* **About this exercise**:
Everything below from the line with "I only focus" through the line with "Question 2. Veronica, a" should be copied exactly, and nothing else; leave out the pictures.

* **Provided records**:
--- --- ---
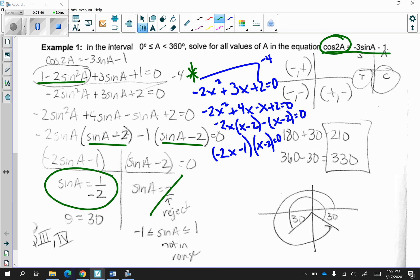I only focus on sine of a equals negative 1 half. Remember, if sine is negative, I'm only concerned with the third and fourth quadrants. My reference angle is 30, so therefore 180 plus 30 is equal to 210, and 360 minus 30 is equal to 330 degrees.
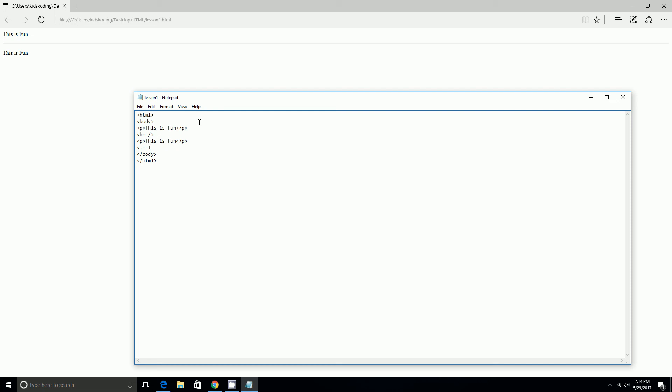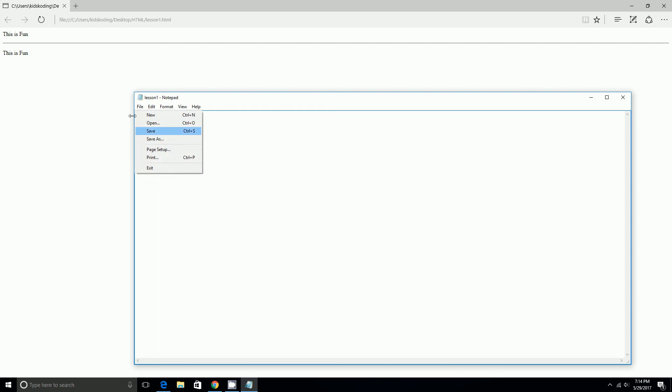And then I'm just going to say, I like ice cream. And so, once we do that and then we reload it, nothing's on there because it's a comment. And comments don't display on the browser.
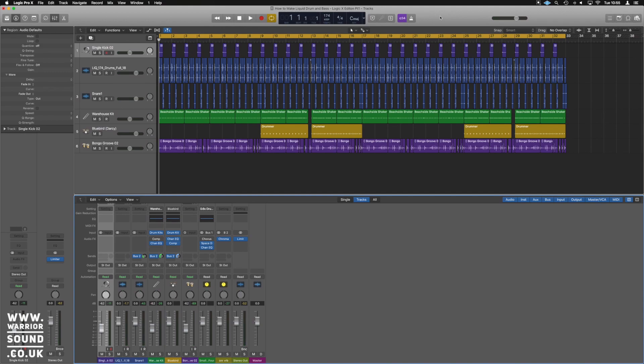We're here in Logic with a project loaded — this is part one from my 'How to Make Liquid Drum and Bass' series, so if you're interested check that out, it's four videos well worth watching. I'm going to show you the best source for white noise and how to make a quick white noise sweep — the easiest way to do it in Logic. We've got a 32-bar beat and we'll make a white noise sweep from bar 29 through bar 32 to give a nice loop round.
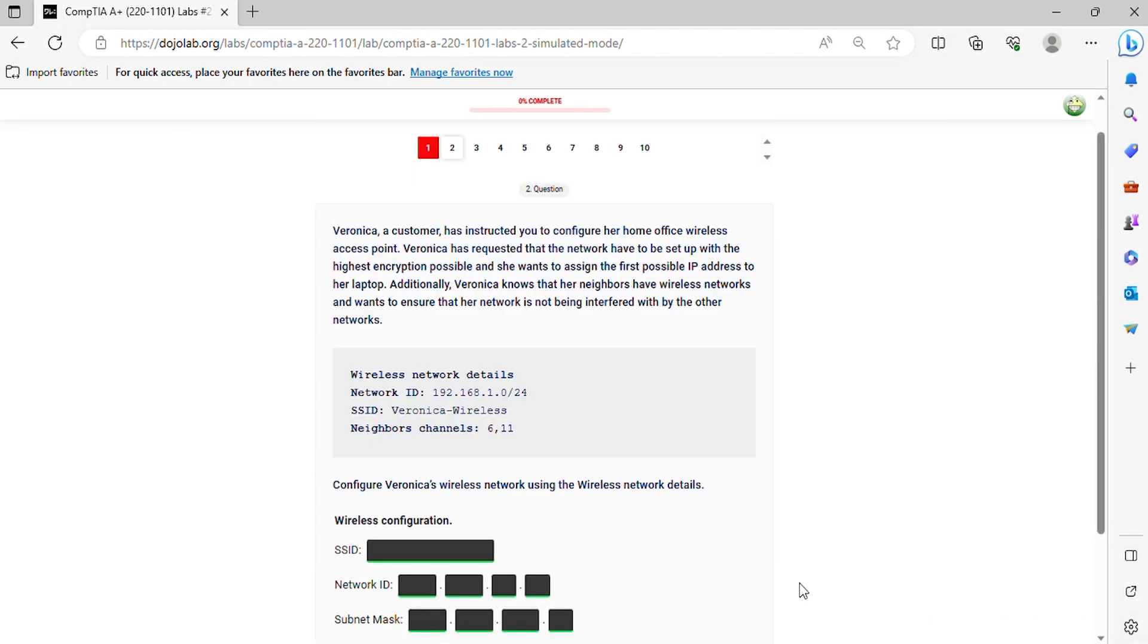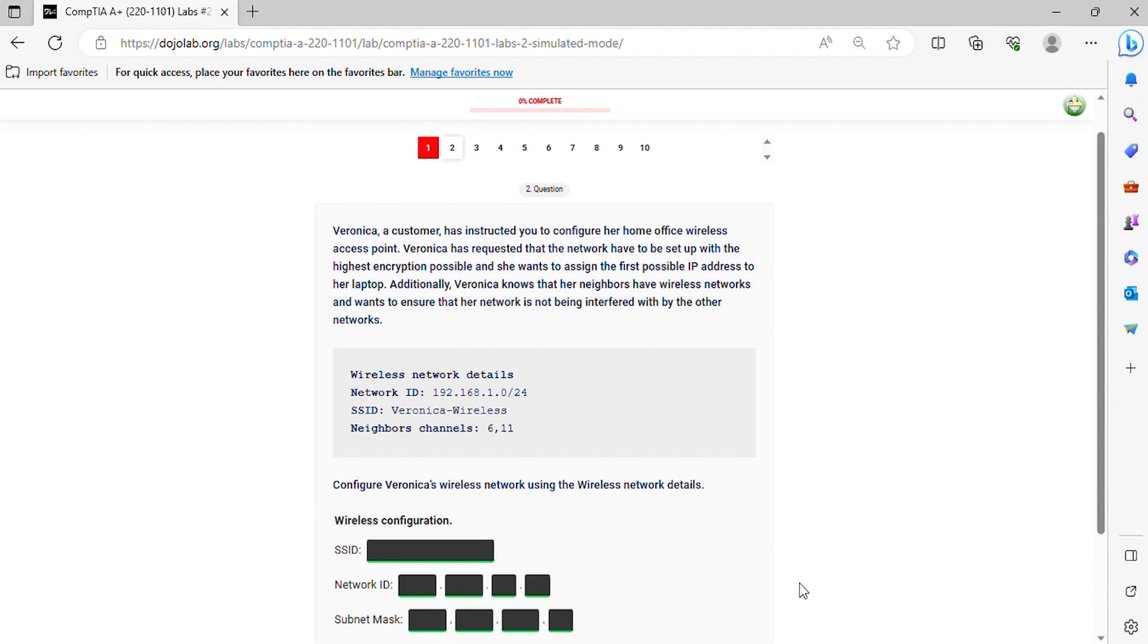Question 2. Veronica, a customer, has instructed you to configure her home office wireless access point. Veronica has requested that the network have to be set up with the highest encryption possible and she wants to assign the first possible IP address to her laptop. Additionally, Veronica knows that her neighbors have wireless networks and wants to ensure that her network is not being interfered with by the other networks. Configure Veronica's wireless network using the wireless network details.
--- --- ---
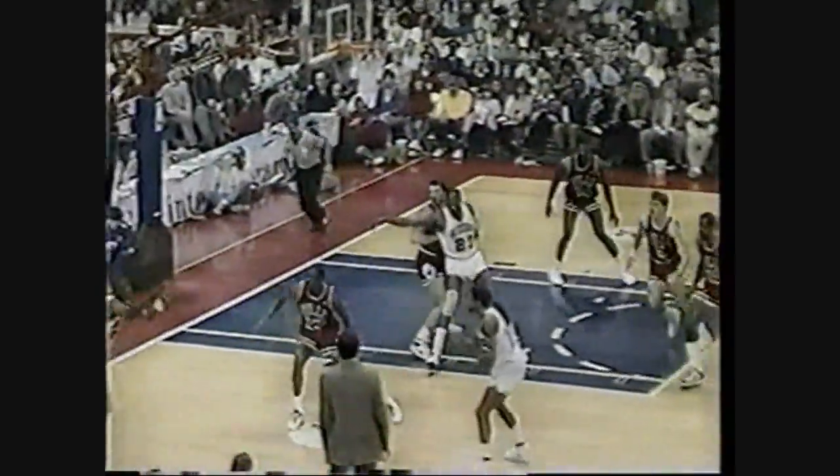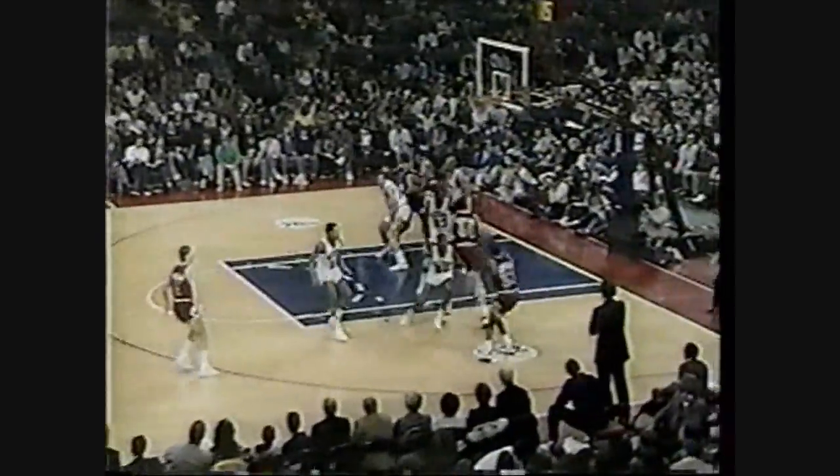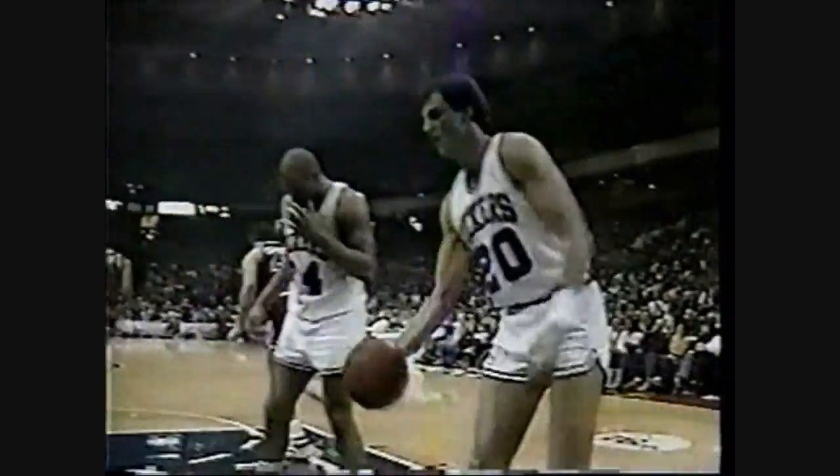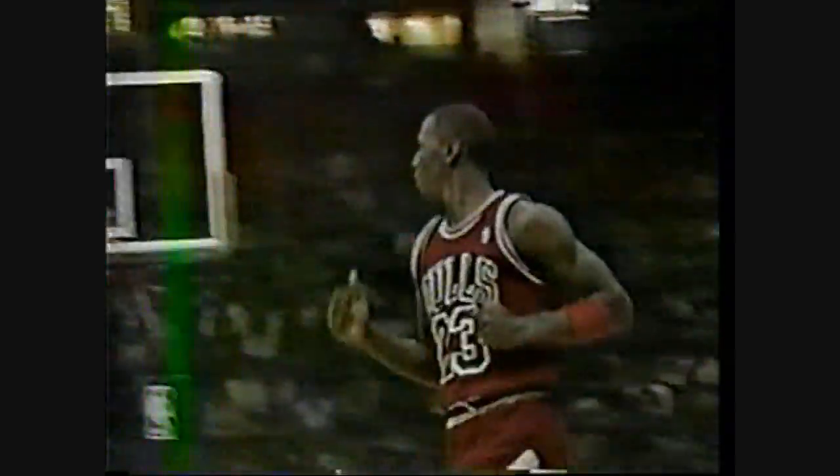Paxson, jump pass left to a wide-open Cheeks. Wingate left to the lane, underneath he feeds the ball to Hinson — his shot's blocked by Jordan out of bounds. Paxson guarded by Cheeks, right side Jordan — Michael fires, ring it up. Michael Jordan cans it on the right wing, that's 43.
--- --- ---
* **Answer to this problem**:
I only focus on sine of a equals negative 1 half. Remember, if sine is negative, I'm only concerned with the third and fourth quadrants. My reference angle is 30, so therefore 180 plus 30 is equal to 210, and 360 minus 30 is equal to 330 degrees.
And then I'm just going to say, I like ice cream. And so, once we do that and then we reload it, nothing's on there because it's a comment. And comments don't display on the browser.
We're here in Logic with a project loaded — this is part one from my 'How to Make Liquid Drum and Bass' series, so if you're interested check that out, it's four videos well worth watching. I'm going to show you the best source for white noise and how to make a quick white noise sweep — the easiest way to do it in Logic. We've got a 32-bar beat and we'll make a white noise sweep from bar 29 through bar 32 to give a nice loop round.
Question 2. Veronica, a customer, has instructed you to configure her home office wireless access point. Veronica has requested that the network have to be set up with the highest encryption possible and she wants to assign the first possible IP address to her laptop. Additionally, Veronica knows that her neighbors have wireless networks and wants to ensure that her network is not being interfered with by the other networks. Configure Veronica's wireless network using the wireless network details.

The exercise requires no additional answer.